◆ **THE TASK**: Each line below is to be repeated exactly; any picture is to be left out.
BEGIN THE DATA
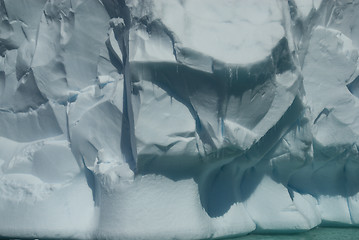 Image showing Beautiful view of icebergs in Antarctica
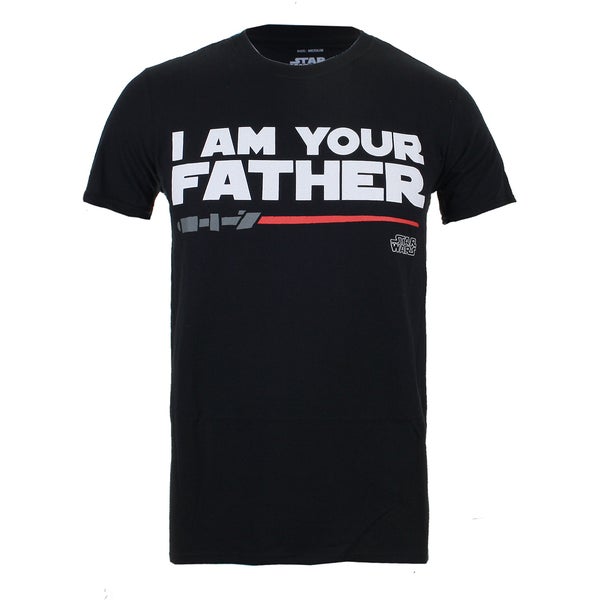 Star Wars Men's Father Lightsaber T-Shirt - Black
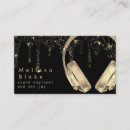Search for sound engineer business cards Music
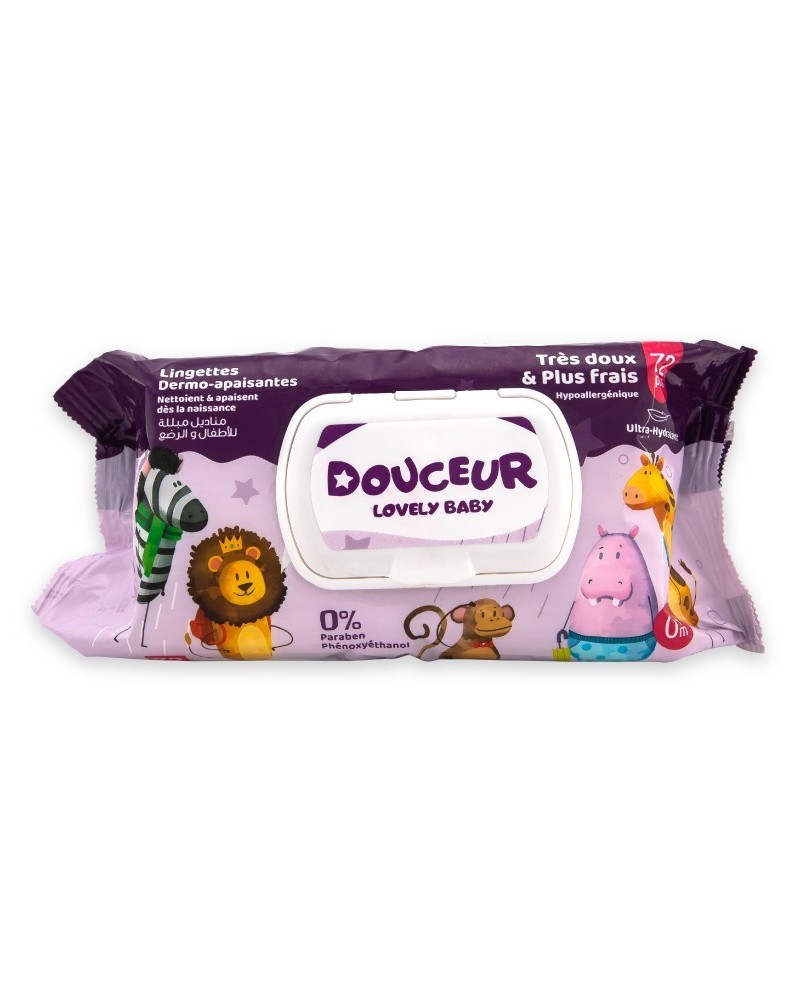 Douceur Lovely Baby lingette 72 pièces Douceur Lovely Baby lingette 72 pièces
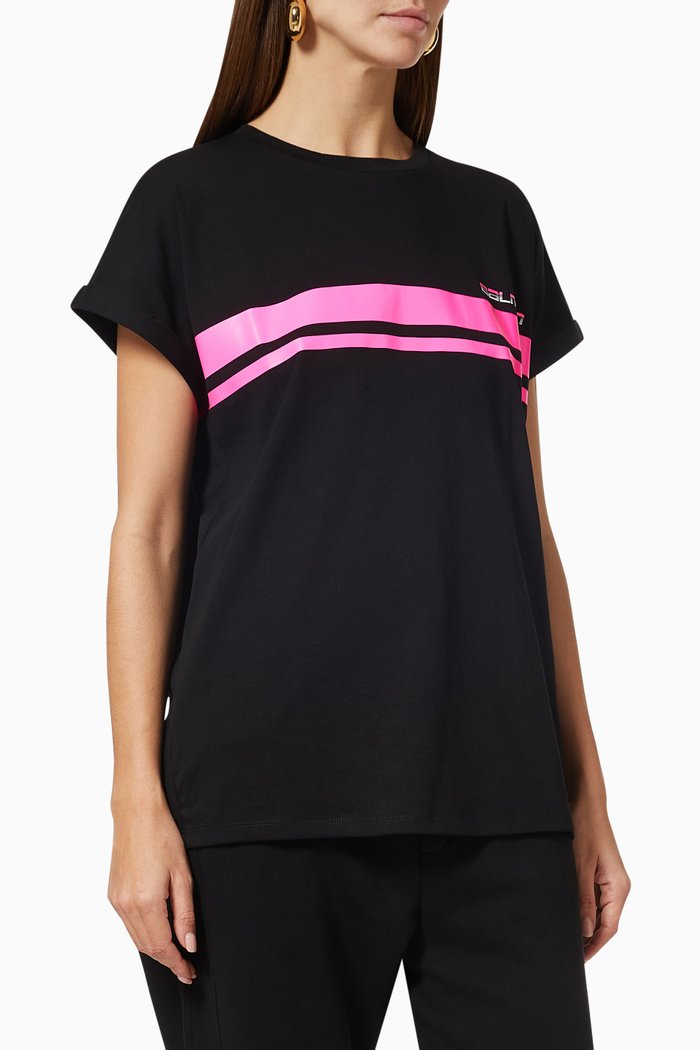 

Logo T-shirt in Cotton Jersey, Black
END THE DATA
◆ **SOLUTION FOR THIS TASK**:
 Image showing Beautiful view of icebergs in Antarctica
 Star Wars Men's Father Lightsaber T-Shirt - Black
Search for sound engineer business cards Music
 Douceur Lovely Baby lingette 72 pièces Douceur Lovely Baby lingette 72 pièces

Logo T-shirt in Cotton Jersey, Black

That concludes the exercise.